Retype all entries exactly as they stand, excluding pictures.

Caption-style text data:
Start of Block

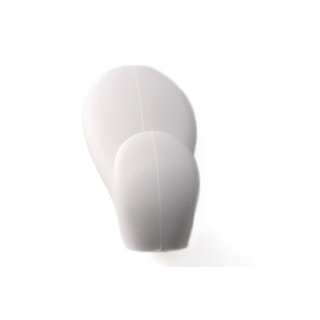 I.B.E. Patère en plastique ECHO blanc mat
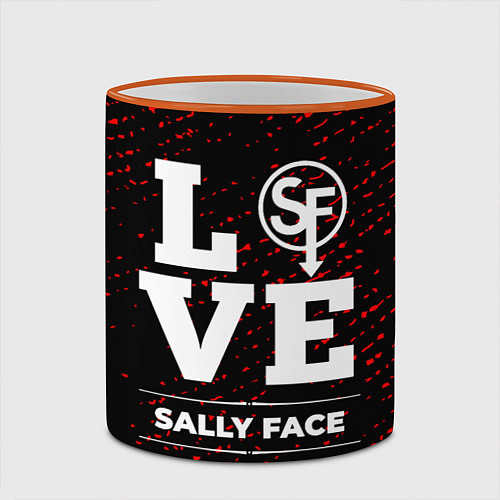 Кружка цветная Sally Face Love Классика / 3D-Оранжевый кант – фото 2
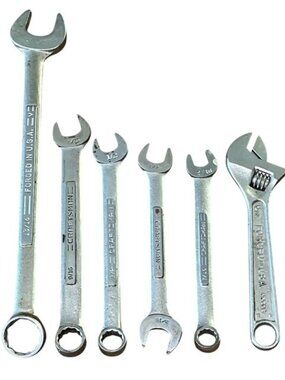 Craftsman USA Wrench Lot 13/16 9/16 1/2 7/16 + 6" Adjustable SAE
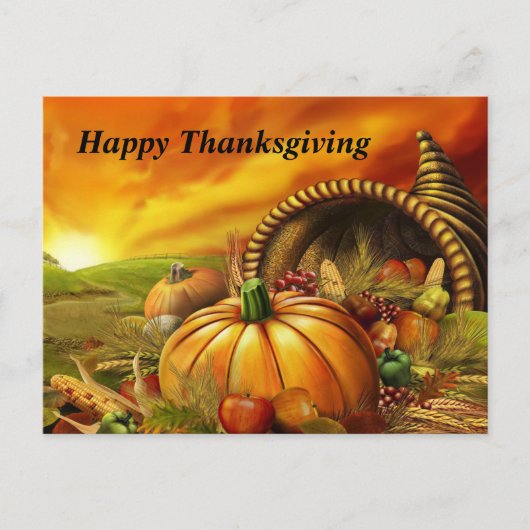 Happy Thanksgiving briefkaart (Voorkant)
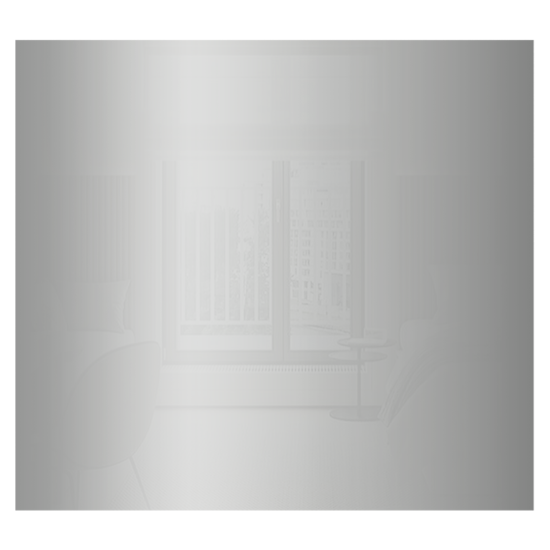 Дверь Лион 59.6x50.8x1.6 см ЛДСП цвет серебристый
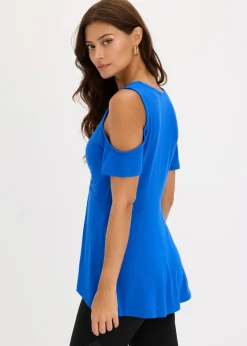 Femme bonprix T-Shirts & Tops|T-shirt épaules nues en mesh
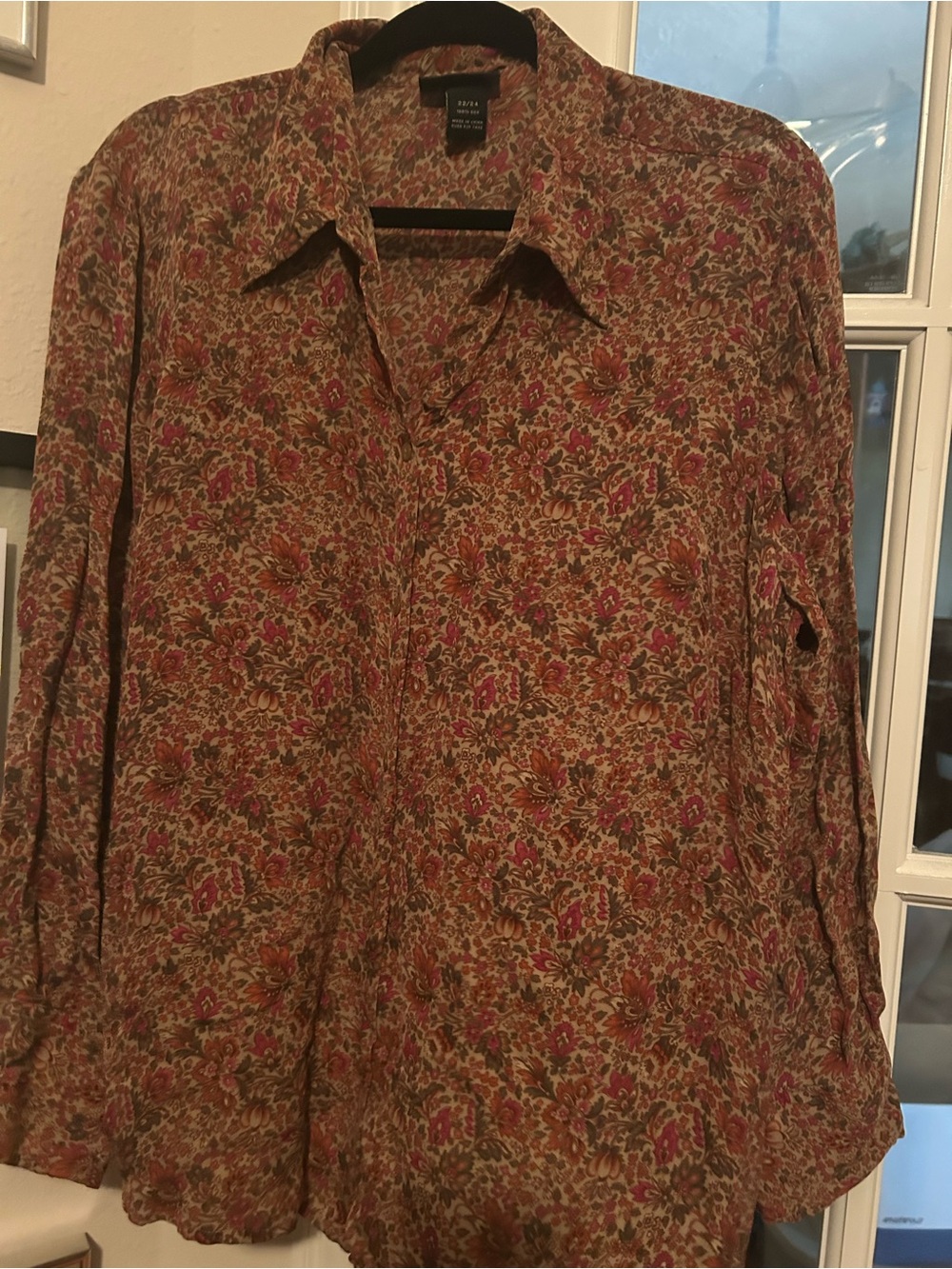 Women’s lane Bryant  Button-Up Shirt in Multicolor fall colors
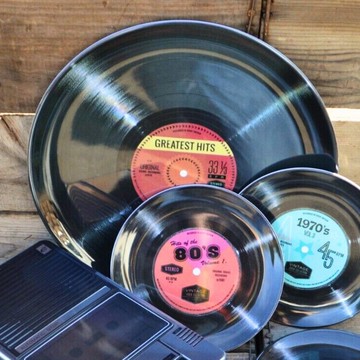 Vintage 黑膠淺盤糖果禮盒組 【英國糖迷你包12包入】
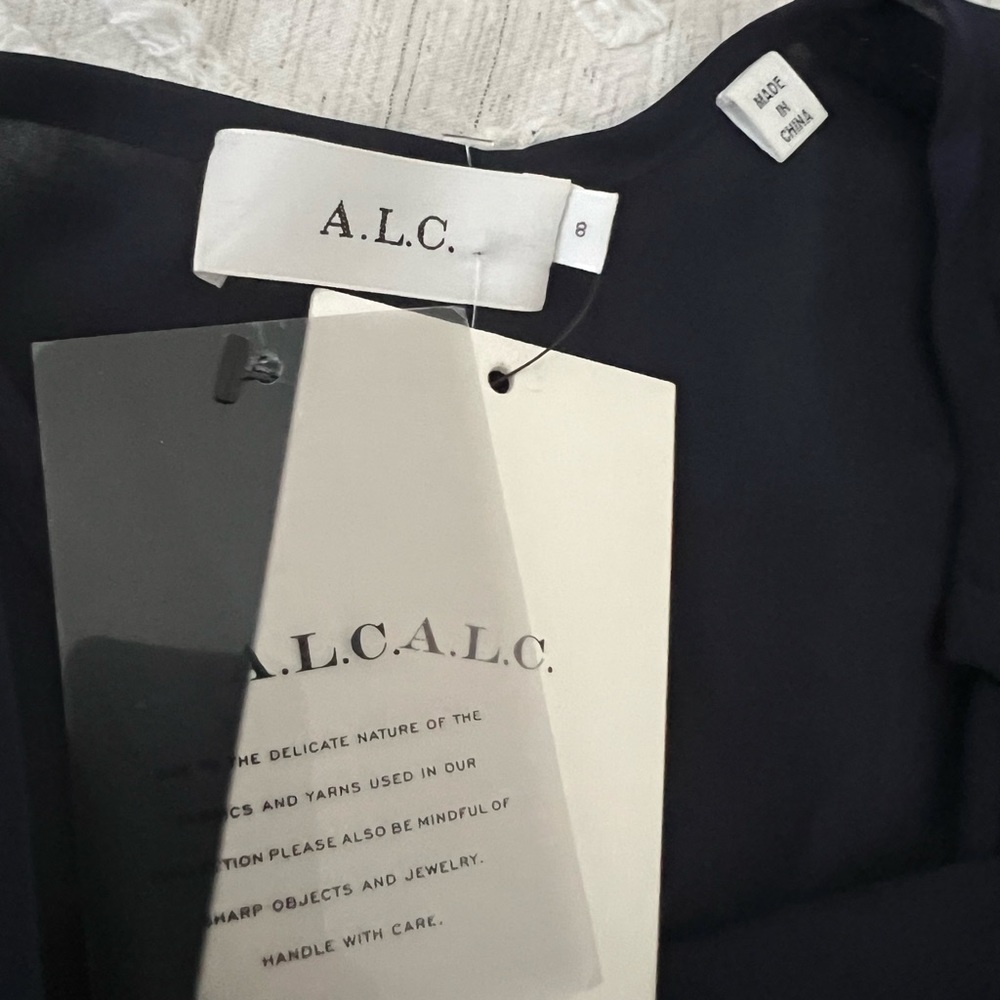 A.L.C Silk Mini Dress - Picture 8 of 8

End of Block

• _OUTPUT FOR THIS EXERCISE_
 I.B.E. Patère en plastique ECHO blanc mat
 Кружка цветная Sally Face Love Классика / 3D-Оранжевый кант – фото 2
 Craftsman USA Wrench Lot 13/16 9/16 1/2 7/16 + 6" Adjustable SAE
 Happy Thanksgiving briefkaart (Voorkant)
 Дверь Лион 59.6x50.8x1.6 см ЛДСП цвет серебристый
 Femme bonprix T-Shirts & Tops|T-shirt épaules nues en mesh
 Women’s lane Bryant  Button-Up Shirt in Multicolor fall colors
 Vintage 黑膠淺盤糖果禮盒組 【英國糖迷你包12包入】
 A.L.C Silk Mini Dress - Picture 8 of 8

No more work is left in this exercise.